Collection entries
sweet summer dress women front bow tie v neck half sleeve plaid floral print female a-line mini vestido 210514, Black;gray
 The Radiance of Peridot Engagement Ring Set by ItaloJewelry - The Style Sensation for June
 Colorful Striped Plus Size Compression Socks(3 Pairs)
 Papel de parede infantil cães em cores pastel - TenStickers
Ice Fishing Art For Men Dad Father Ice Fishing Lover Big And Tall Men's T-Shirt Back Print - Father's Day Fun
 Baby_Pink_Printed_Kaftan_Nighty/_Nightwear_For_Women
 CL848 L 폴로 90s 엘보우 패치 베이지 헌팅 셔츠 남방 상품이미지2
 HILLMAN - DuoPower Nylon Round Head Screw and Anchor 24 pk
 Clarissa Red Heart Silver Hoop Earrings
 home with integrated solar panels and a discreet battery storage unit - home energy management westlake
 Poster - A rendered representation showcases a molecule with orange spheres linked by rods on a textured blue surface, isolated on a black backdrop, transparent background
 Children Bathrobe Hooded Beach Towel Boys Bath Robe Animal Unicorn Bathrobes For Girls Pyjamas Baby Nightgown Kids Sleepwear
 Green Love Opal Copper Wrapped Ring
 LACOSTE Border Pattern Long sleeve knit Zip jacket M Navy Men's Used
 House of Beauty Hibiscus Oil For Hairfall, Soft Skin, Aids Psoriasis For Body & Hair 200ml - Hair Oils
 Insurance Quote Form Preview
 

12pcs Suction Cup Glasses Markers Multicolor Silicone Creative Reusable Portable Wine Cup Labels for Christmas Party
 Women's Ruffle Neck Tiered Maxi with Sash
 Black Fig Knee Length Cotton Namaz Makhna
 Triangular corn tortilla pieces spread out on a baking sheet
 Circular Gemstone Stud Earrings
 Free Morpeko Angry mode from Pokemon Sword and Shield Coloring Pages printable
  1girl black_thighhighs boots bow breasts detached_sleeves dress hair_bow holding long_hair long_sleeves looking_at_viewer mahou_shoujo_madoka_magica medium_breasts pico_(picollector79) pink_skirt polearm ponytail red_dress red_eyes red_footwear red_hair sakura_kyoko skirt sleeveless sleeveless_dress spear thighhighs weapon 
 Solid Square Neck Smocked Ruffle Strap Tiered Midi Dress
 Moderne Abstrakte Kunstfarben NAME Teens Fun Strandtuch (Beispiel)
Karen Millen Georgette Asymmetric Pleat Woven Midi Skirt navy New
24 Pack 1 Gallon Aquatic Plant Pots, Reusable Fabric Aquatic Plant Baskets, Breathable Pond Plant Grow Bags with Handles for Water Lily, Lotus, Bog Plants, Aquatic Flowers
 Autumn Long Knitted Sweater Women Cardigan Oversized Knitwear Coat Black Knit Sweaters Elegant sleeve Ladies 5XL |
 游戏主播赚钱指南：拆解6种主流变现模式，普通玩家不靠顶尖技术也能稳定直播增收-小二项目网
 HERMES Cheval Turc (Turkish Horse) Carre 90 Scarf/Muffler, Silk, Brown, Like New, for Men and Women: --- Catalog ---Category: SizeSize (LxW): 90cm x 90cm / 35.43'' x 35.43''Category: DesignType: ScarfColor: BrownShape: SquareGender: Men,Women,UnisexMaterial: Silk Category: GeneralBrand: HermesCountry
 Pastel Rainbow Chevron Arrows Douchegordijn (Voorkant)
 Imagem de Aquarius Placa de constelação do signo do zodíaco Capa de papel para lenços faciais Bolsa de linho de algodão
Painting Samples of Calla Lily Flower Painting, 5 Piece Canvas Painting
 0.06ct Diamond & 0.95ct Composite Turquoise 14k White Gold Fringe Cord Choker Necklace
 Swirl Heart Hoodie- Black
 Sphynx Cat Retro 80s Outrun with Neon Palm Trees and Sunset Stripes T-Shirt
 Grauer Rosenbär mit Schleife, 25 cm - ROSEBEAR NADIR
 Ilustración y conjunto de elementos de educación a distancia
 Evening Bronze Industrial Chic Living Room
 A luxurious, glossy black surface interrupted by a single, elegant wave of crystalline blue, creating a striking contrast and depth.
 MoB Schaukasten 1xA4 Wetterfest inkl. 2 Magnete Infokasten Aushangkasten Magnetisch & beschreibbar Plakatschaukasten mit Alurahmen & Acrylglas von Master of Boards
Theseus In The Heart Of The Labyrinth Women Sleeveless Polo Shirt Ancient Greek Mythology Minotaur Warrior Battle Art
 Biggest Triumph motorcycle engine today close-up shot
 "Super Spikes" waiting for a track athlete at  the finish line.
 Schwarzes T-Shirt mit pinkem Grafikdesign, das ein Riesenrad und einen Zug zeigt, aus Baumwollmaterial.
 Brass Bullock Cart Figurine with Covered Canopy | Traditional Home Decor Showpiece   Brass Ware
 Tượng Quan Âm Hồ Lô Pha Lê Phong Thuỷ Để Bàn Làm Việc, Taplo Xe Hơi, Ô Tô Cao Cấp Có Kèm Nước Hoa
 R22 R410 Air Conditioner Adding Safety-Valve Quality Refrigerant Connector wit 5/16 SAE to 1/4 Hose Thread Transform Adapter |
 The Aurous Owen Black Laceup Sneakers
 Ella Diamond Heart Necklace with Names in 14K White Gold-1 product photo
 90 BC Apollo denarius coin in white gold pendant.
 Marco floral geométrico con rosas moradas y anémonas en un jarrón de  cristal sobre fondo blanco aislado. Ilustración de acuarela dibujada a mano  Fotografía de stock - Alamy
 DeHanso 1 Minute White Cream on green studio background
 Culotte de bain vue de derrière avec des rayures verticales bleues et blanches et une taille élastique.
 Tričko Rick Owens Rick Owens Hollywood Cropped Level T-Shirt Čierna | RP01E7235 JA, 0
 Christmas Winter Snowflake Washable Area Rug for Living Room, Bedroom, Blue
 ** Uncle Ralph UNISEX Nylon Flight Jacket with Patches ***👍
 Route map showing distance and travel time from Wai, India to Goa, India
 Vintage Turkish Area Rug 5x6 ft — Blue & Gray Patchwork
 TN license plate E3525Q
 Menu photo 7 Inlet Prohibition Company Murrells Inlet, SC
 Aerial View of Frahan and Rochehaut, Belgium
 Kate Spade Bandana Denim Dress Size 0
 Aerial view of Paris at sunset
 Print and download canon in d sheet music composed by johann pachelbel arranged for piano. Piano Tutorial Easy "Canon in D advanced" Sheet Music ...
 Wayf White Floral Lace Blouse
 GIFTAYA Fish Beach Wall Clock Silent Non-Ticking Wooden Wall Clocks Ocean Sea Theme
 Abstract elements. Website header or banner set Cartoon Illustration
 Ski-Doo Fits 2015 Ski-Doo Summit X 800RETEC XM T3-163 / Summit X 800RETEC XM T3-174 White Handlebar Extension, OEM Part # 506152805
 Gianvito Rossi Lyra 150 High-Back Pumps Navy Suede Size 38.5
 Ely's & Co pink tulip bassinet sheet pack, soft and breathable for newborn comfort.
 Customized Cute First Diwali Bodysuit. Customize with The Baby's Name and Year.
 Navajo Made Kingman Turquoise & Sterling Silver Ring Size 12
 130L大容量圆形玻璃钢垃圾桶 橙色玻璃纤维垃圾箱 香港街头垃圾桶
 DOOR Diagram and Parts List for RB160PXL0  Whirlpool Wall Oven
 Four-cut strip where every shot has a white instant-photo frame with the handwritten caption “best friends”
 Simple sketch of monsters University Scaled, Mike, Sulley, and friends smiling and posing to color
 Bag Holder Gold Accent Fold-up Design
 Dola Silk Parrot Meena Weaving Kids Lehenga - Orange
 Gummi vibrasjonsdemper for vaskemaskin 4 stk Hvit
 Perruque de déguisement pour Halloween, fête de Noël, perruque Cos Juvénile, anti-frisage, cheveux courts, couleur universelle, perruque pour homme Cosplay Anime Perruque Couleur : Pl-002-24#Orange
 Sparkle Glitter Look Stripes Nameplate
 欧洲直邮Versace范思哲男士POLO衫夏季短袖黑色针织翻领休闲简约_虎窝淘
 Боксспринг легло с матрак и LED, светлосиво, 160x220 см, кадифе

**Your task:** Given the records above, reproduce precisely and only the lines between the line holding "Women's Ruffle Neck Tiered Maxi with Sash" and the line holding "Sphynx Cat Retro", inclusive.

**Solved exercise:**
 Women's Ruffle Neck Tiered Maxi with Sash
 Black Fig Knee Length Cotton Namaz Makhna
 Triangular corn tortilla pieces spread out on a baking sheet
 Circular Gemstone Stud Earrings
 Free Morpeko Angry mode from Pokemon Sword and Shield Coloring Pages printable
  1girl black_thighhighs boots bow breasts detached_sleeves dress hair_bow holding long_hair long_sleeves looking_at_viewer mahou_shoujo_madoka_magica medium_breasts pico_(picollector79) pink_skirt polearm ponytail red_dress red_eyes red_footwear red_hair sakura_kyoko skirt sleeveless sleeveless_dress spear thighhighs weapon 
 Solid Square Neck Smocked Ruffle Strap Tiered Midi Dress
 Moderne Abstrakte Kunstfarben NAME Teens Fun Strandtuch (Beispiel)
Karen Millen Georgette Asymmetric Pleat Woven Midi Skirt navy New
24 Pack 1 Gallon Aquatic Plant Pots, Reusable Fabric Aquatic Plant Baskets, Breathable Pond Plant Grow Bags with Handles for Water Lily, Lotus, Bog Plants, Aquatic Flowers
 Autumn Long Knitted Sweater Women Cardigan Oversized Knitwear Coat Black Knit Sweaters Elegant sleeve Ladies 5XL |
 游戏主播赚钱指南：拆解6种主流变现模式，普通玩家不靠顶尖技术也能稳定直播增收-小二项目网
 HERMES Cheval Turc (Turkish Horse) Carre 90 Scarf/Muffler, Silk, Brown, Like New, for Men and Women: --- Catalog ---Category: SizeSize (LxW): 90cm x 90cm / 35.43'' x 35.43''Category: DesignType: ScarfColor: BrownShape: SquareGender: Men,Women,UnisexMaterial: Silk Category: GeneralBrand: HermesCountry
 Pastel Rainbow Chevron Arrows Douchegordijn (Voorkant)
 Imagem de Aquarius Placa de constelação do signo do zodíaco Capa de papel para lenços faciais Bolsa de linho de algodão
Painting Samples of Calla Lily Flower Painting, 5 Piece Canvas Painting
 0.06ct Diamond & 0.95ct Composite Turquoise 14k White Gold Fringe Cord Choker Necklace
 Swirl Heart Hoodie- Black
 Sphynx Cat Retro 80s Outrun with Neon Palm Trees and Sunset Stripes T-Shirt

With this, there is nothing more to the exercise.